While other surveys have highlighted the high price of coffee and Big Macs in Switzerland, some things could be worse for Swiss consumers, as the EIU survey shows:
Although Zurich dropped two places and Geneva gained one, it’s still very close up at the top. “Sometimes the drop happens because there’s movement elsewhere in the index rather than the city has become cheaper,” she said.
Convergence
Slavcheva noted converging costs in traditionally more expensive cities like Paris, Singapore, Zurich, Geneva, Copenhagen and Hong Kong.
“It’s a testament to globalisation and the similarity of tastes and shopping patterns. Even in locations where shopping for groceries may be relatively cheaper, utilities or transportation prices drive up overall cost of living,” she explained.

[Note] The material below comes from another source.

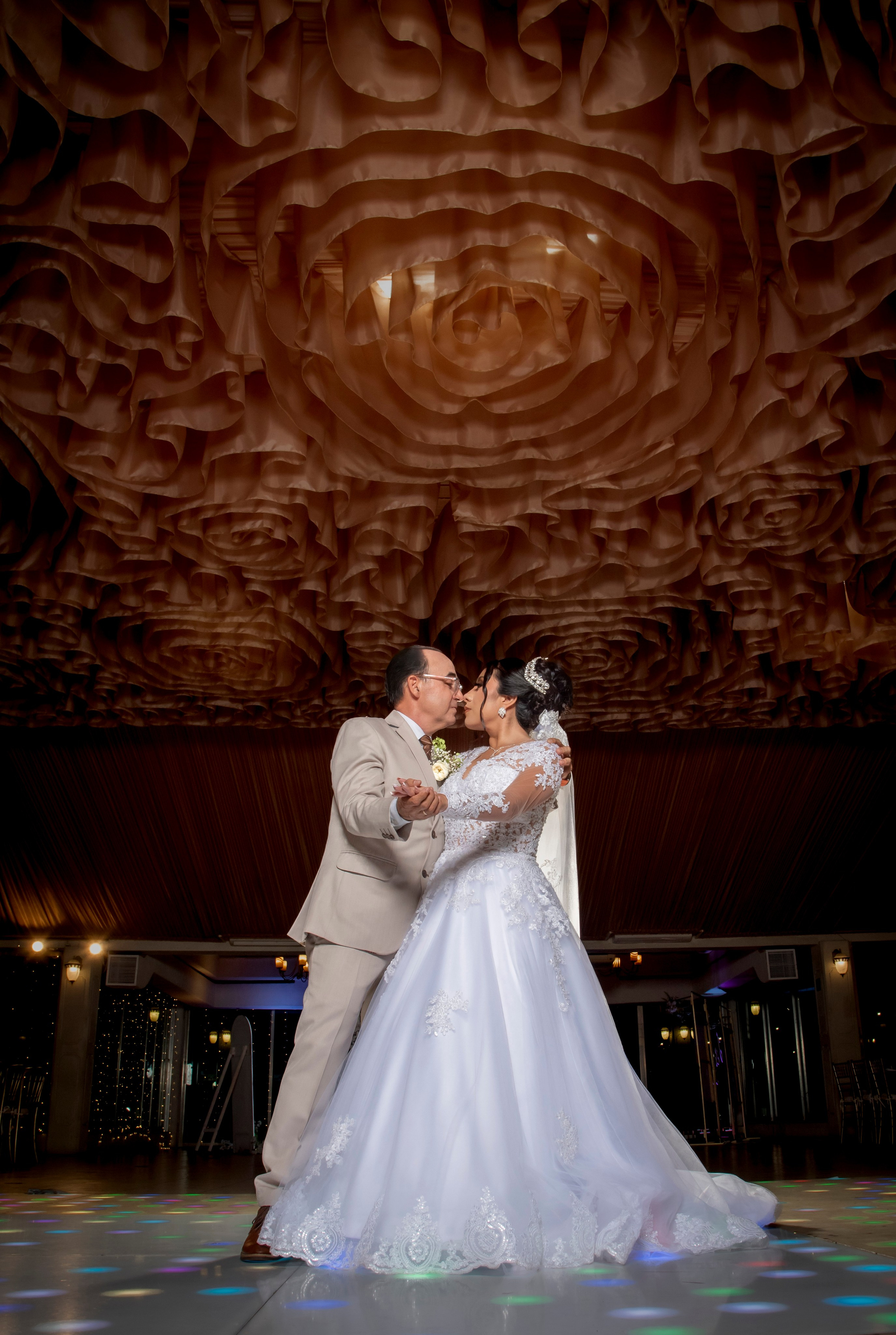 BODAS DIFERENTES DESTINOS. Rocke fotografo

“More remarkable is the severe fall in the ranking of emerging economy cities – Istanbul, Tashkent, Moscow and St Petersburg – owing to sustained high inflation and currency depreciations.”
The cheapest cities in the survey were Caracas in Venezuela and Damascus in Syria, which were found to be 85% and 75% cheaper than New York respectively.
The Worldwide Cost of Living
The Worldwide Cost of Living is a biannual EIU survey of over 400 individual prices across 160 products and services in 133 cities in 93 countries. These include food, drink, clothing, household supplies and personal care items, rent, transport, utility bills, private schools, domestic help and recreational costs.
EIU researchers survey a range of stores: supermarkets, mid-priced stores and higher-priced speciality outlets. Prices are not recommended retail prices or manufacturers’ costs; they are what the paying customer is charged.
The survey allows for city-to-city comparisons, but for the purpose of this report all cities are compared with a base city of New York, which has an index set at 100. The survey has been carried out for more than 30 years.